The smartphone doesn’t look like a human being, instead, the smartphone is invisibly anthropomorphic in that it responds to & transforms its user.

For more than a century, humanity has been fascinated by the development of the robot and its potential to realise our imagination of the anthropomorphic machine, which closely resembles a human being. This fascination may have led us to neglect a more profound and more advanced trajectory that lies beyond the visibly anthropomorphic machine – and is best exemplified by the smartphone. A smartphone doesn’t look at all like a human being, instead, the smartphone is invisibly anthropomorphic in that it responds to and transforms its user, and in so doing, becomes both an extension of that person and their reflection.

Examples of the smartphone going ‘beyond anthropomorphism’ from our fieldsites

As already noted, the ability of the smartphone to learn from us through machine learning is matched by our ability to transform the smartphone after purchase through adding apps, changing settings and creating content. The composite result can be an astonishingly close relationship between the individual and their smartphone.

For example, in the Dublin fieldsite, we met a woman who sees herself as a consummate professional and turned her iPhone into a kind of life manual with detailed instructions on every task, such as paying a particular bill. For each task, she linked her calendar, notes, relevant websites and sometimes even PowerPoint presentations on how something is done. It was really her smartphone that was the best example of the kind of person she believed herself to be.

At the other end of the spectrum was another research participant in Ireland, a gruff fisherman who did not like to think of himself as someone who is attuned to technology and deleted his Skype account as soon as he stopped requiring it: he saw the messaging app as a requirement while his daughter was living abroad but saw no need for it otherwise. In so doing, he aimed to retain pure minimalist functionalism that only sees him deploying the smartphone for what he regards as strictly necessary. This expressive potential of the smartphone doesn’t just relate to individuals. For example, a couple may replicate their previous gender division of labour through each using apps that the other then does not use: one may do the banking while the other focuses upon sharing family news.

Even if we just consider these first cases as individuals, actually they, in turn, express ideals of gender or professionalism that are generated by the cultural values in which they were brought up. Similarly, for many older people in our Palestinian fieldsite, smartphones are as reflective of their faith as of any other individual trait. On the other hand, there were other individuals in the Dublin region who seemed unique relative to what we would expect from a ‘typical’ smartphone user, for example, one man who carried five phones in his jacket pockets which he used to record music.
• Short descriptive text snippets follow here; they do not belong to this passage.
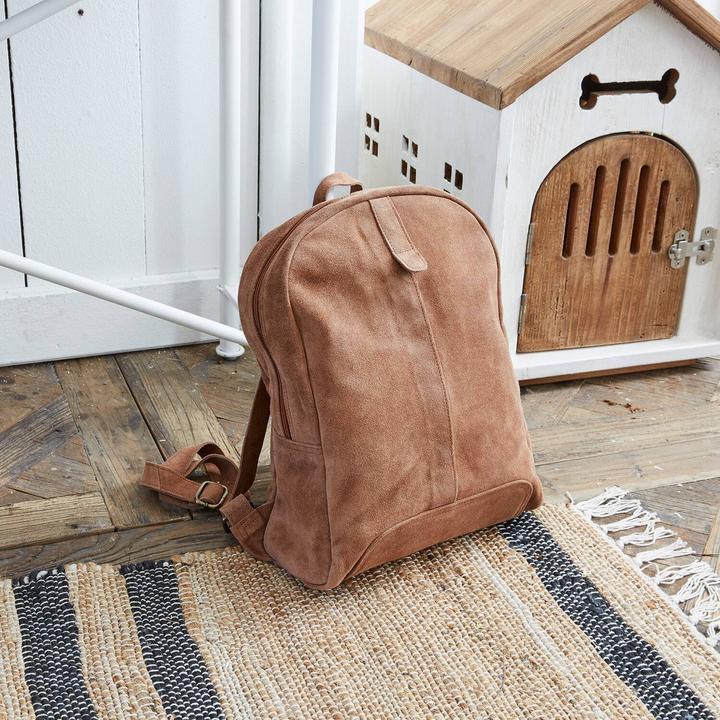 Image du produit Loberon Sac à dos Palau marron
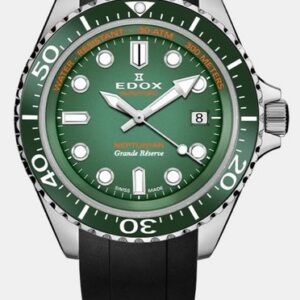 EDOX Skydiver Neptunian Grande Reserve 80801-3VCA-VDN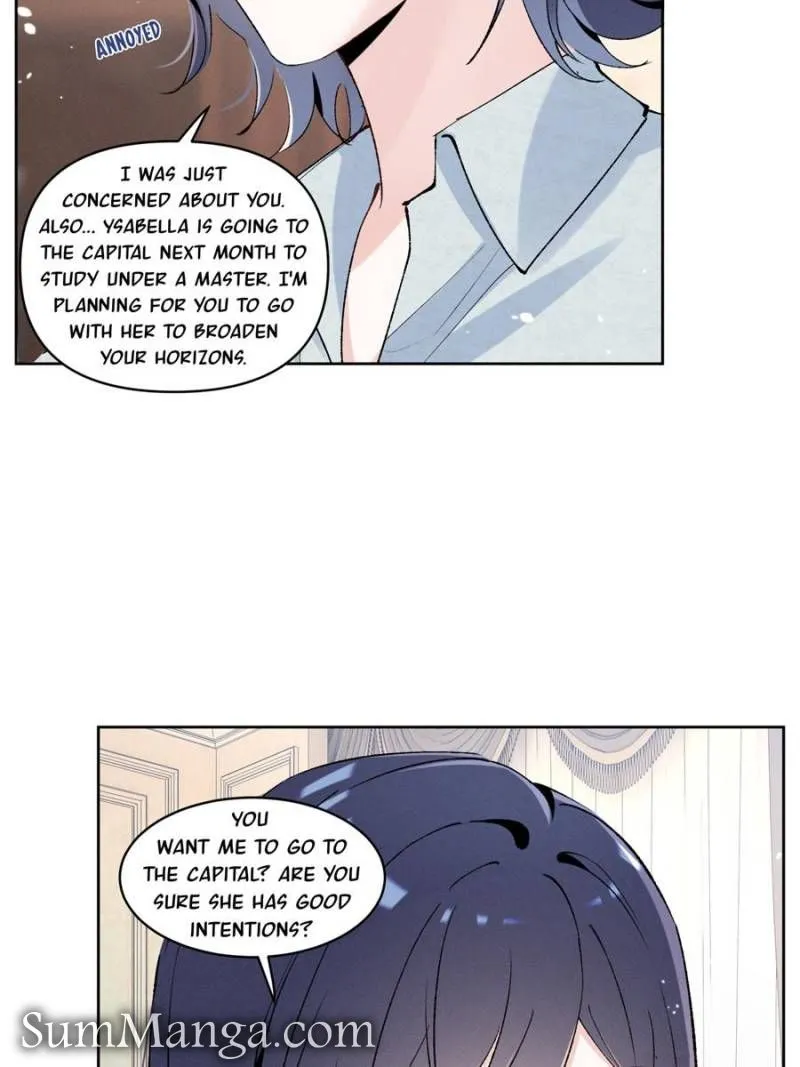 Beneath the Lady’s Mask Chapter 40 257 43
As anthropologists, when we consider the relationship between the smartphone and an individual we are then presented with another question of whether the individual seems, in turn, typical of some cultural category or as in his case relatively eccentric.

The infographic below shows a step-by-step illustration of how smartphones can both complement and extend individuals.

Is smartphone use making us smarter?

Clive Thompson’s 2013 book Smarter than you think documents the way that human beings become more intelligent by incorporating such devices. Not having to memorise ‘facts’ but instead memorising the way we use the smartphone to find facts is making us more ‘smart’. The best precedent for this use of smartphones was the invention of printing, which consigned many previous memory functions to the ‘hard rectangle’ of the book, which would then be the precursor to the hard disc or now, the Cloud. Few people would have a problem with the suggestion that books have made humanity more clever because people were prepared to cede so much of memory to the written word. Similarly, many of the older people who were research participants in the ASSA study see the smartphone as a literal aide-memoire. For example, when working with people in São Paulo, Marília Duque noted that many participants had considerable anxiety about dementia and memory loss and saw the smartphone as an important device not just for finding and storing information, but also for brain training exercises that they hoped would delay the onset of these conditions.

To conclude, the smartphone is unprecedented in the degree of intimacy it achieves in its relationship with us. This is why a person who has lost or mislaid their smartphone may feel that they have become separated from an essential part of themselves and become extremely upset. But this is achieved not through conventional anthropomorphism, that is the technological object resembling a human being, but by becoming intimately connected with our capacities and our minds.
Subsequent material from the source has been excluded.